神色卻未絲毫變,淡淡的問了一句:「什麼隊服?」
「啦啦隊服。」
他若有所思的點了點頭:「那我今天晚上注意一下。」
焦糖臉一紅:「注……注意什麼?」
·
焦糖今天一整天都沒怎麼吃飯,這會已經餓的連說話的力氣都沒了。
她趴在沙發上,看著圍著圍裙給她煮麵的徐燃。
開放式廚房讓她的更清楚。
徐燃低頭解開袖扣,把袖子往上卷,露出白皙精瘦的手腕。
她半個身子窩在沙發里,只露出了一個腦袋。
準備欣賞她的徐燃哥哥的表演。
他從冰箱拿出掛麵雞蛋西紅柿還有其他很多食材。
沉默了一會,又繞出來,把沙發上的手機拿過去。
他轉身的時候,焦糖清楚的看見他在瀏覽器搜索麵條怎麼做。
……
「徐燃哥哥……」
她看他一臉凝重看手機,終於忍不住,開口喊道。
徐燃抬眸:「很餓嗎?那我快點。」
焦糖欲言又止:「你不是會做飯嗎?」
頓了片刻,「那次也是在網上搜的?」
……
點頭。
「我那是第一次做。」
氣氛一度有些尷尬。
焦糖雙手捧臉:「第一次做飯就做的那麼好吃,我的徐燃哥哥怎麼這麼棒啊。」
少女的聲音,像摻著蜜一樣。
徐燃嘴角牽了牽。
他好像不太喜歡太亮的地方,房間裡的燈光都是偏暗的。
他將掛麵放進鍋里,看著手機里的步驟,神色認真。
焦糖的視力很好,甚至能看到他睫毛下的那層陰影。
他是好看的,皮膚很白,鼻樑挺直,眉眼清冷,有種渾然天成的氣質和距離感。
焦糖有的時候會覺得,自己離他其實很遠。
他就像住在一個孤島上面,不許任何人上去,可是又希望有人上去。
「徐燃哥哥。」
她出聲叫他。
他正低頭切生薑,聽到她的話抬頭。
燈光之下,幽深的眼底仿佛落進了點點光亮。
「恩?」
焦糖挑唇,笑的很燦爛:「你知不知道,我超級喜歡你的。」
他先是錯愕,然後便是低聲輕笑。
像是被她感染了一般。
往日低沉的聲音夾雜著一絲繾綣。
「現在知道了。」
麵條很快就做好了。
徐燃剛端出來,焦糖也沒急著吃,拍了張照片。
編輯好一條朋友圈【男朋友給我做的宵夜,嘻嘻嘻。】
猶豫片刻,她又按了返回,勾選了幾個不可見的人。
準備按發送的時間,她突然想起了姜月的話。
湊過去坐到徐燃身邊。
「徐燃哥哥,看鏡頭。」她的頭靠在他的肩上,徐燃抬頭的一剎那按下拍攝。
她簡單加了個濾鏡,和剛剛那條一起發了朋友圈。
徐燃不知道她在做什麼,也沒多問。
安靜的看她吃麵。
她吃完後,他把碗筷收拾好。
「衣櫃裡有睡衣和你穿的衣服。」
「你幫我買的嗎?」
徐燃打開水龍頭洗碗,頭也沒抬:「恩。

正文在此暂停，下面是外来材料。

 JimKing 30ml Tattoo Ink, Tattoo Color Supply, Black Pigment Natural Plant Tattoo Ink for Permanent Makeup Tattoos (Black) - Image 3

」
「為什麼?」焦糖不解。
他將洗乾淨的碗筷放回原位,又擦淨了手。
「想你陪著我。」
「好的呀。」焦糖的甜甜的應道,「那我就陪著你。」
她半跪的坐在沙發上,仰頭看他。
靈動的五官越發的清晰了。
喉結上下滾動,他握緊了雙手,十指深陷。
「焦糖。」
他叫她,聲音還有點啞。
焦糖還沒沒反應過來,面前就暗了下去。
她下意識的抓緊了沙發靠墊。
男人的唇很涼,像含了一塊冰一樣。
他的指尖亦是,可又像是帶著火,被他撫過的每一寸皮膚都像被點燃了一般。
「徐燃哥哥。」
她的聲音微微顫抖。
「別親脖子。」
明天被人看到就不好了。
窗外,海風呼嘯,最近氣溫一天比一天低。
「好。」
……
「徐燃哥……」
焦糖的聲音微顫。
徐燃放慢幅度,指尖勾起她垂落在耳邊的碎發:「疼嗎?」
她緊咬下唇,點了點頭。
「那我輕點。」
他的眼裡帶著無盡的溫柔繾綣,兩個人緊密的貼合在一起,焦糖甚至能從他幽深的眼底看見自己此刻的模樣。
髮絲凌亂,臉頰還帶著情/欲未褪的潮紅。
她伸手捂住他的眼睛。
被他拂開:「怎麼了?」
「害……害羞。」
徐燃輕笑出聲:「有什麼好害羞的,該看的都已經看完了。」
……
一直折騰到很晚,焦糖困的不行,徐燃抱著她去洗了澡。
她趴在他身上睡著了。
第二天她睡到中午才醒,她看了眼時間,揉揉眼,又看了一眼。
垂死病中驚坐起,也顧不上還沒睜太開的眼睛。
急忙下床穿衣服。
「完了完了,這人還真是不講義氣,自己一個人走了也不叫叫我。」
她穿上衣服,簡單洗漱了一下。
奪門而出,百米衝刺到了公交車站。
·
「所以我們這期的營銷方案是專門針對幼童的,對於……」
徐燃轉動手中的派克鋼筆,簡單翻閱了一遍面前的資料。
「幼童沒有經濟能力,你費心費力想著怎麼討他們開心,還不如思考一下怎麼能讓他們的父母鬆口。」
許部長面露不悅,一個大學都沒畢業的學生,靠著關係直接空降過來,本來就讓他不服,這會還打斷他。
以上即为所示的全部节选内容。